Северное сияние вспыхнуло и угасло.
Видение отступило.
…Лоухи открыла глаза. Она снова была в собственном гнезде. Но больше не было маленького грубого идола не стене. Перед ней, полускрытая густой тенью, стояла маленькая саамская старуха. У старухи была только половина тела — одна рука, одна нога, один глаз. Все остальное отсутствовало. Оно принадлежало Хорну.
— Яви милость, Калма-Смерть, — склонилась перед ней Лоухи. — Вопрос тебе ведом, цена уплачена.
Половина старухи долго молчала, пристально глядя на Хозяйку Похъёлы одним прищуренным глазом. Потом прошамкала:
— Герой придет из рода Калева. И исчезла.
Лоухи с трудом доковыляла до ложа и упала на него без сил. Ее сжигал изнутри мучительный холод, уколотую руку рвала боль. Вот когда пожалеешь, что в гнезде ни пуховых перин, ни защищающих от ветра пологов, а только жесткое старческое ложе из сушеных водорослей, тронутых инеем!

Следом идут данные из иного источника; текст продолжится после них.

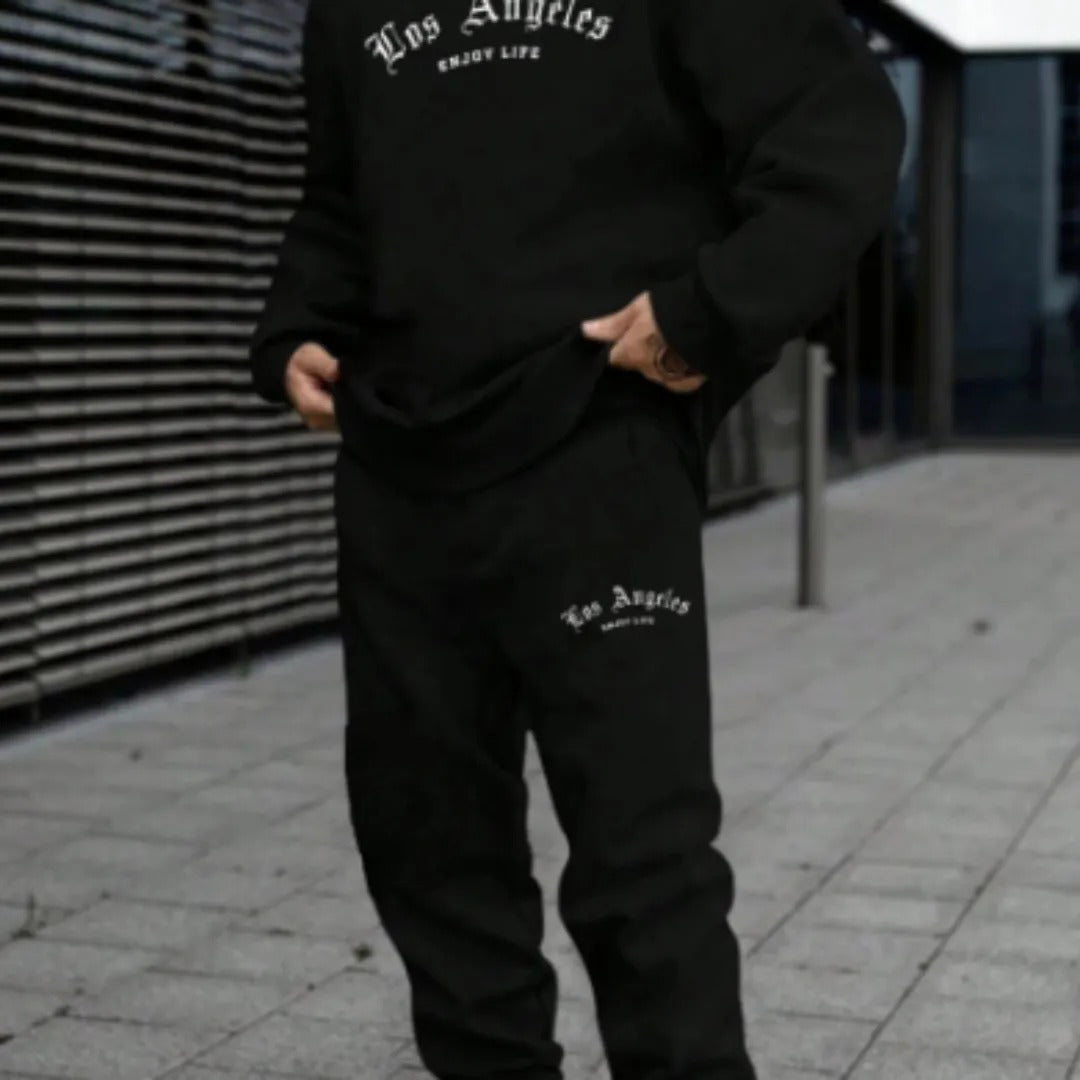 Casual LA Graphic Sweatpants Hoodie Set - OutfitLondon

У порога громко захлопали крылья, заскрежетали когти о камень.
— Акка Лоухи!
— Не входить! — грозно крикнула она, собрав последние силы. Хозяйке Похъёлы нельзя показывать слабость. Особенно родичам. Со времен собственного предательства Лоухи никому не доверяла.

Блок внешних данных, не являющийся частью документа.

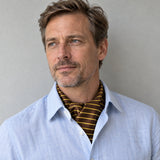 Yellow Cane Hazel Silk Ascot — Shirt-only portrait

— Всё сама, всё сама! — проворчала она, когда холод и слабость слегка отпустили. — Вот она, хозяйская доля! Вас бы бросить в Хорн живьем, дармоедов!

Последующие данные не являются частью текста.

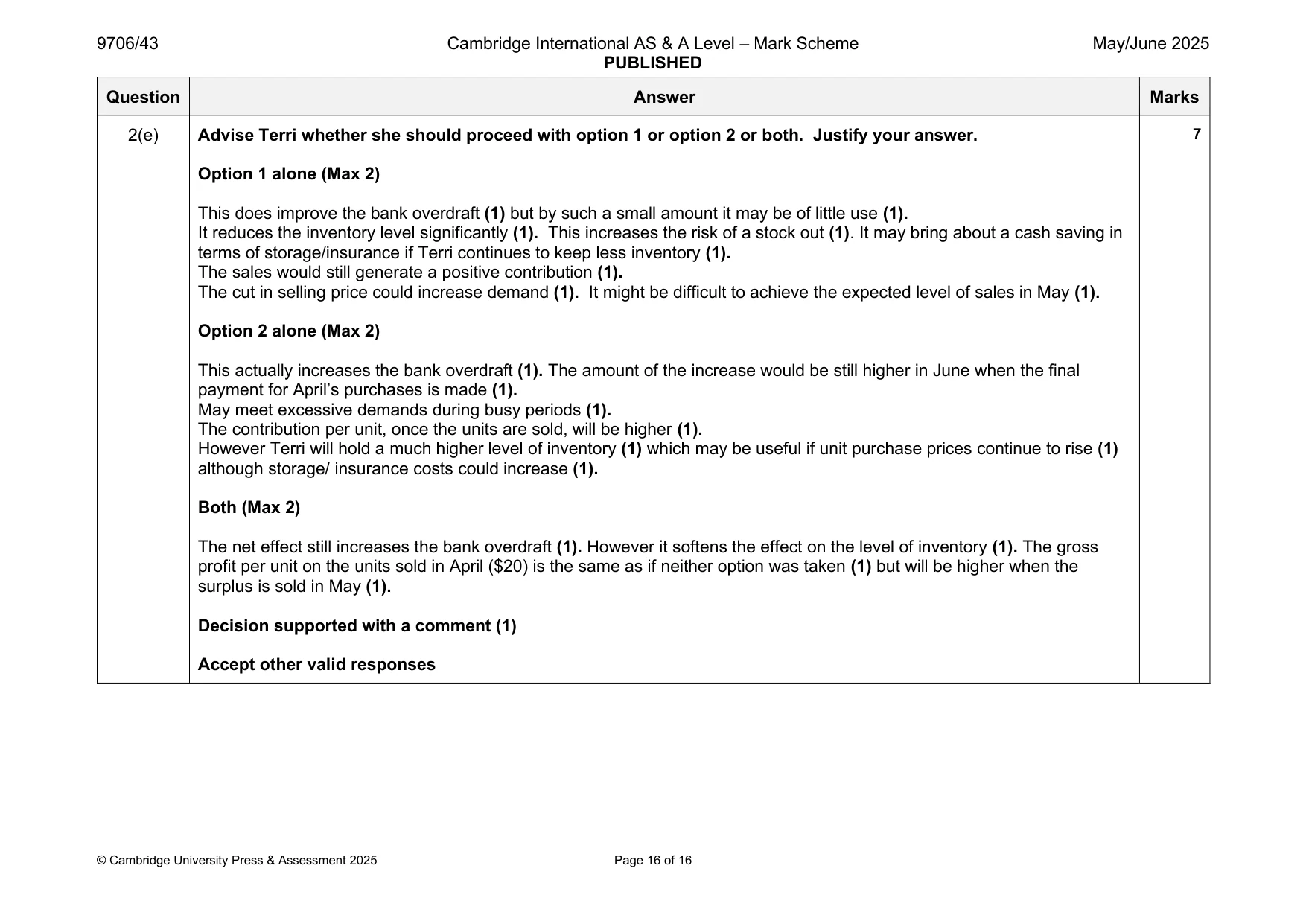 Mark scheme, page 16 of 16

Только теперь Лоухи ощутила забытое чувство — бесконечный, безмятежный покой. Ответ получен, настало время действовать. Она с кряхтением поднялась на ноги и крикнула:
— Найдите мне Рауни! Пусть немедленно летит сюда!
На том же самом утесе, только еще выше, в том месте, где плоский расщепленный край скалы далеко выдавался над морем, стояли на порывистом ледяном ветру несколько молодых тунов. Под ними галдел птичий базар, еще ниже море билось об острые каменные зубы, оставляя на них клочья водорослей. Теплое, щедрое море, полное рыбы.
— Вон она! — крикнул один из тунов. — Плывет сюда!
— Давайте! — эхом отозвался Рауни, распахивая крылья.
Двое приятелей опрокинули над ним бочку, и на плечи и спину туна хлынул поток теплого китового жира. Рауни зажмурился от удовольствия, когда медленные ручейки защекотали кожу, пробираясь между перьями. Какой дурак сказал, что туны не любят тепло? Да они ценят его так, как людям и не снилось. Каждый хранит в памяти ласковый жар материнского гнезда, выстеленного нежнейшим пухом с ее груди. Но ворвань была нужна Рауни вовсе не для того, чтобы согреться. Он расправил крылья, встряхнулся. Крылья стали как чужие — словно свои оторвал, а каменные приставил. То что надо.